37Games
- Company type: Public
- Founded: 2011
- Area served: Worldwide
- Industry: Browser game Mobile game Interactive entertainment
- Revenue: CN¥6.19 billion (2017)
- Website: www.37.com

= 37Games =

Browser and mobile game developer and publisher

37Games (37游戏 officially Sanqi Interactive Entertainment 三七互娱) is an international browser and mobile game developer and publisher. Its gaming platform covers North America, Europe, mainland China, Hong Kong, Taiwan, South Korea, and several Southeast Asia countries such as Malaysia, Thailand, Vietnam, Philippines and Singapore. 37Games is registered in Shanghai and has branch offices in Beijing, Guangzhou, Chengdu, Hong Kong, and Taiwan. In 2014, 37Games went public on China's A-Share stock market (Stock code: 002555).

37Games ranks no. 23rd amongst top 100 internet companies in China in 2015. 37Games is also the second biggest browser game platform behind Tencent, taking 13.3% in the Chinese browser game market share. By February 28, 2015, the registrations in mainland China alone had exceeded 400 million. 37Games' mainland China website operates over 300 games with monthly revenues exceeding 220 million CNY. 37Games is also the founder and host of the Chinese International Game Conference, which aims at providing a communication platform for gaming companies from around the globe.
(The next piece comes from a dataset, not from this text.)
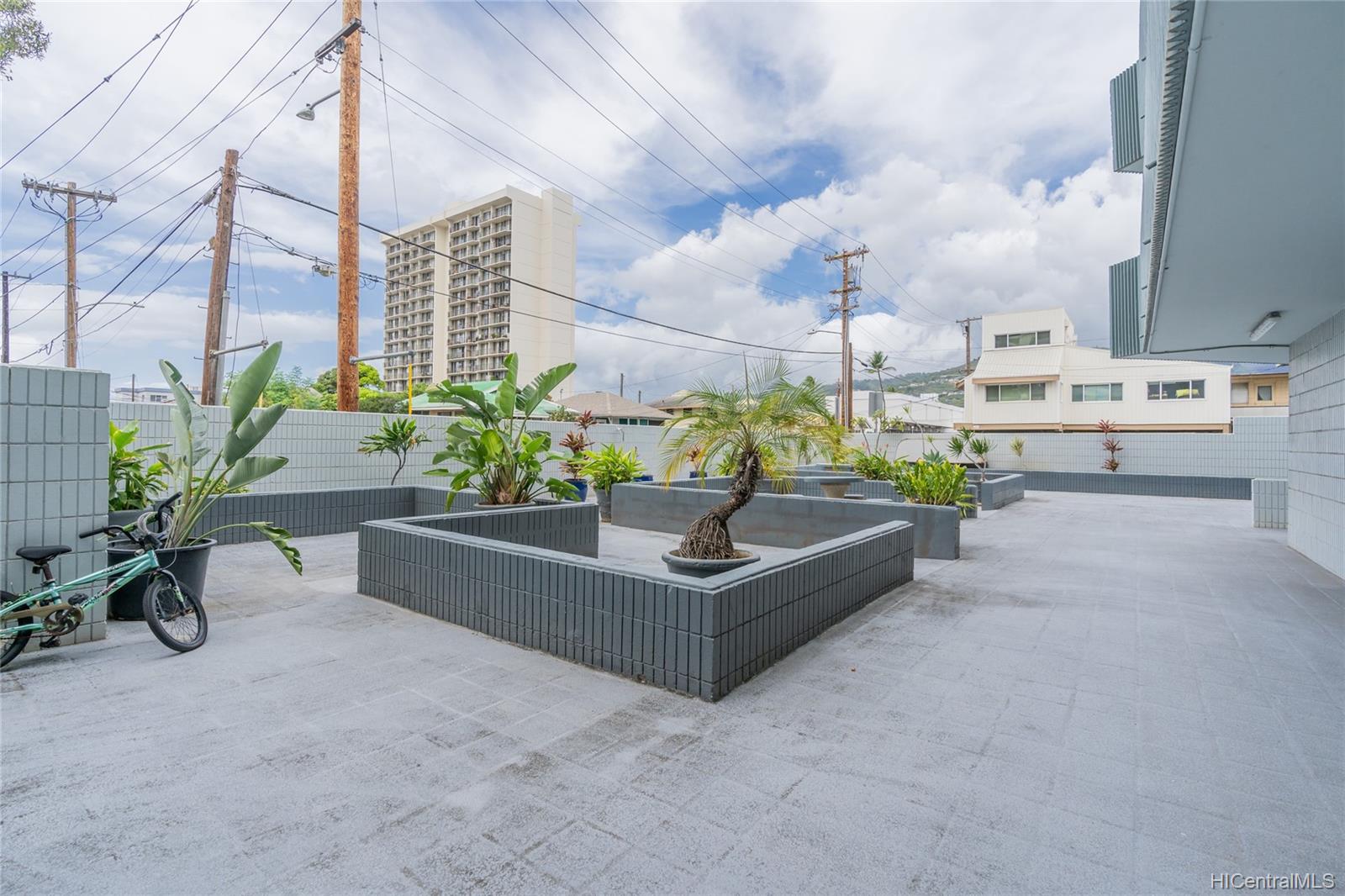 855 Makahiki Way  Unit 207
37Games English platform currently has 9 browser-based games and 1 mobile game available. The growing portfolio includes browser games Guardians of Divinity, Felspire, Nightfalls, Siegelord and the mobile game Fusion War. 37Games also publishes games in the French market with Dawn Of Kings (Siegelord), Le Crépuscule des dieux (Guardians Of Divinity) and Felspire, and in the German market and Turkish language speaking market. In the first half of 2016, 37Games's Portuguese platform was slated to go live.

== History ==
In September 2011, 37Games was founded by Li Yi Fei and Zeng Kaitian.

In August 2014, authorized by Webzen and developed by 37Games, MU: The Archangel broke the record of Chinese browser game for 320 million RMB in revenue in just 60 days. In July 2014, MU: The Archangel was published in traditional Chinese for the Taiwan, Macau, and Hong Kong markets.

On August 1, 2015, 37Games announced they acquired the rights to adapt Korean publisher NCsoft's LineageII into a browser game for the Chinese market.

On August 6, 2015, 37Games Acquired SNK Playmore Corporation.

On December 18, 2015, 37Games published its first mobile game, Fusion War, in the global market on both the Google Play Store and Apple App Store. Fusion War is a 3D FPS developed by Tencent, featuring an engaging storyline that combines movie-like cut scenes, multi-mode gameplays, an advanced PvP system, and challenging Special Ops.